• [Work to be completed] Repeat the span of the entries below that starts at the line with "Arrabidaea coleocalyx image" and ends at the line with "A mandrill sits", nothing more. Skip the pictures.

• [Data to process]
○ ○ ○

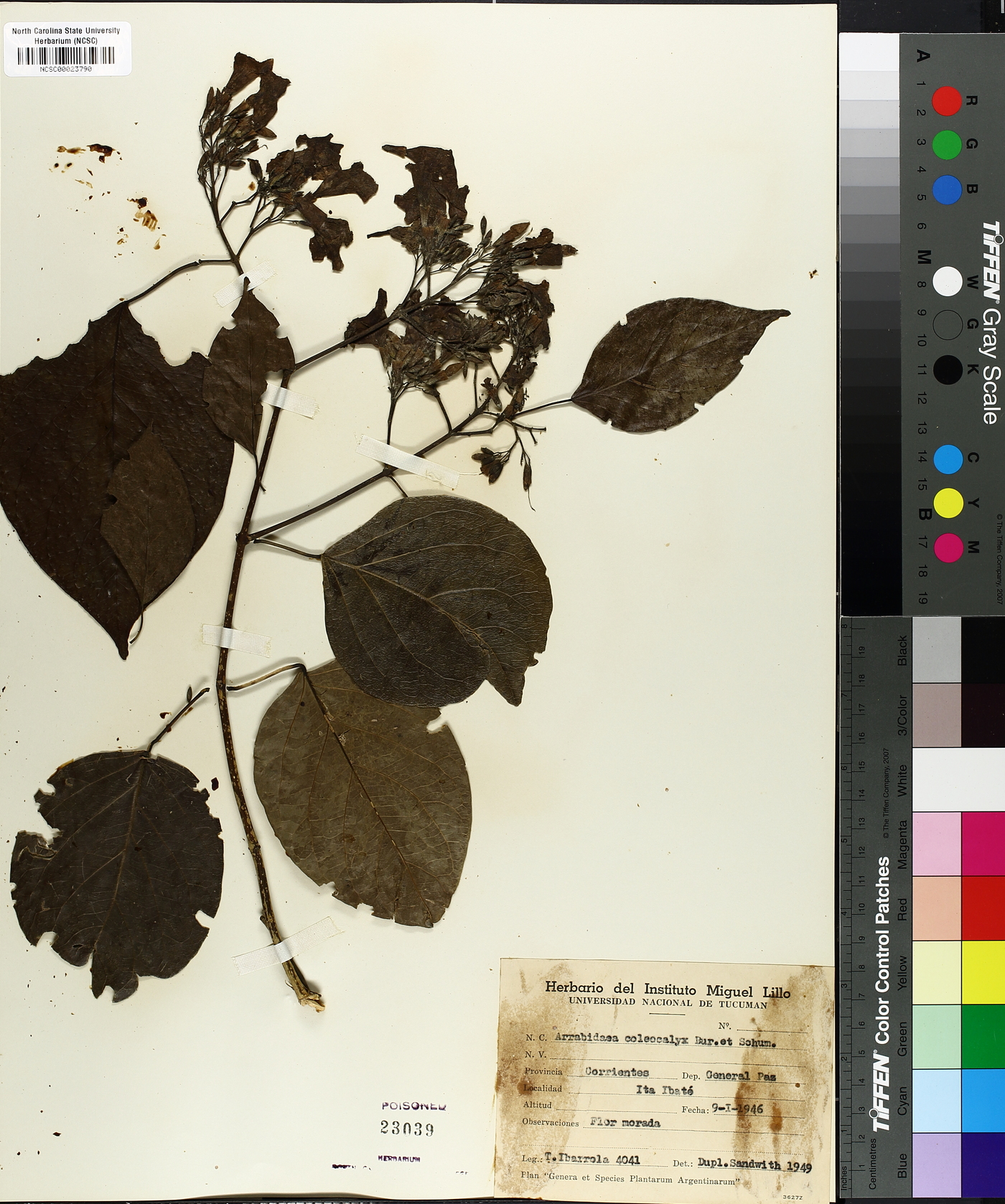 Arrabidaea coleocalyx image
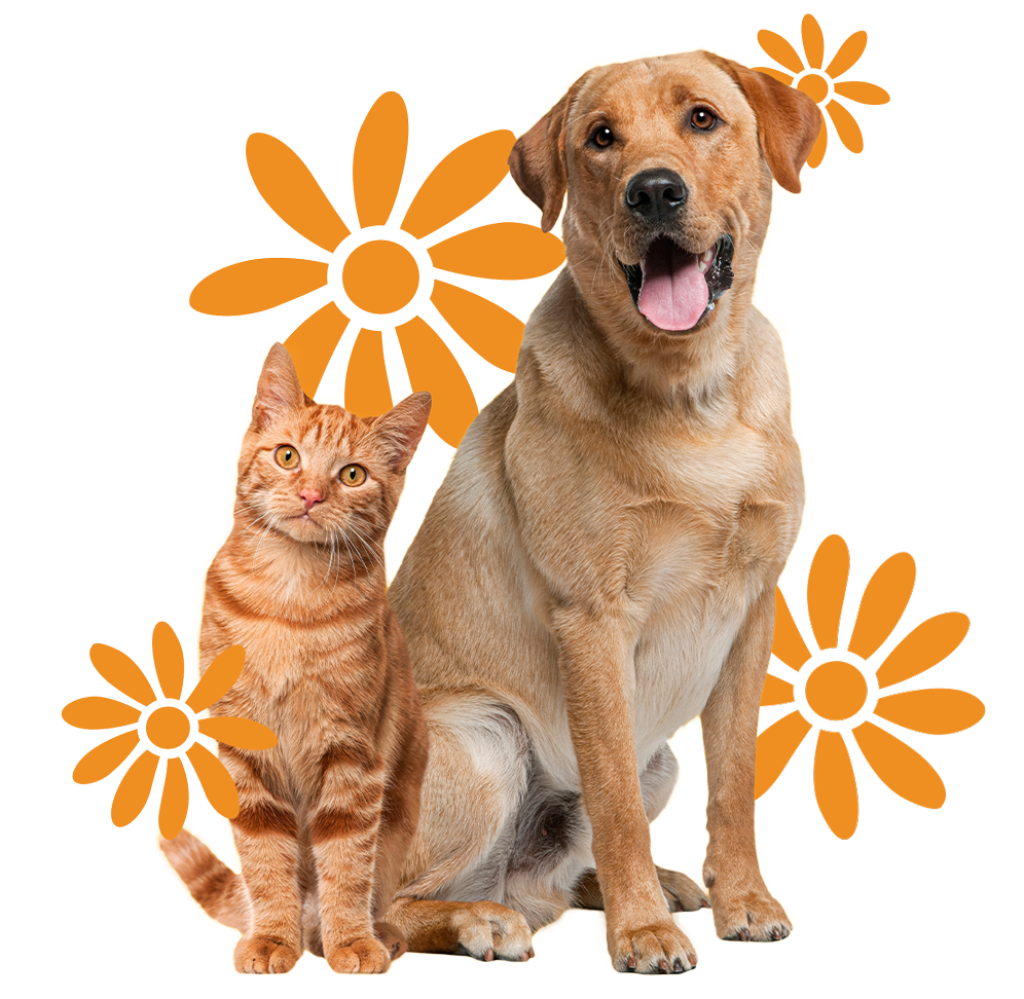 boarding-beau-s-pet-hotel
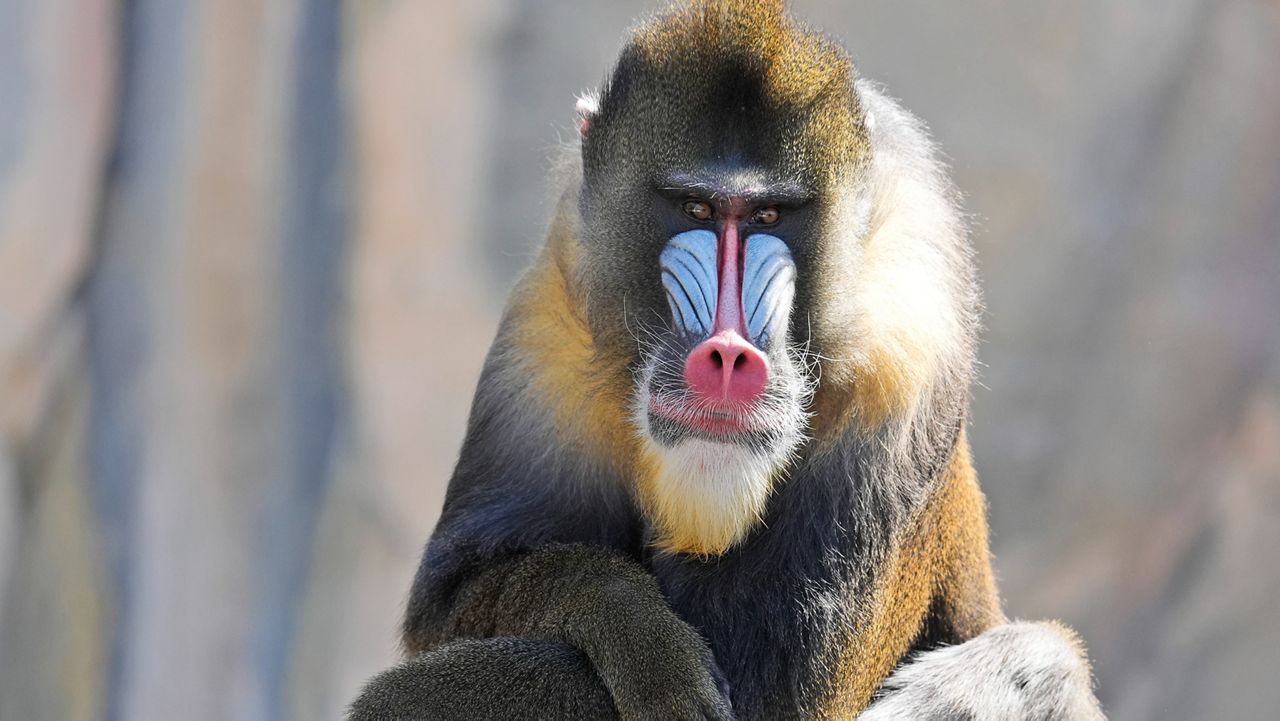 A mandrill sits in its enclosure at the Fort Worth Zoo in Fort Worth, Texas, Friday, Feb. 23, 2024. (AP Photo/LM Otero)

○ ○ ○

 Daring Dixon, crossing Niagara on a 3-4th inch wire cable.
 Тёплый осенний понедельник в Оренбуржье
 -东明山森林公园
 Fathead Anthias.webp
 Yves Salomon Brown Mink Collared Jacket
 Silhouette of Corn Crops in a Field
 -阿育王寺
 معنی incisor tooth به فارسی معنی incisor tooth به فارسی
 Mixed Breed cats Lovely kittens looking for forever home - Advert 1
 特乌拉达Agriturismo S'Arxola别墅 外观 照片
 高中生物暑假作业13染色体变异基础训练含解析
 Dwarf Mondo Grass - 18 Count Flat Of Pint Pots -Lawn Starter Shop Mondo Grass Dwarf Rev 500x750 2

○ ○ ○

• [Solution to this task]
 Arrabidaea coleocalyx image
 boarding-beau-s-pet-hotel
 A mandrill sits in its enclosure at the Fort Worth Zoo in Fort Worth, Texas, Friday, Feb. 23, 2024. (AP Photo/LM Otero)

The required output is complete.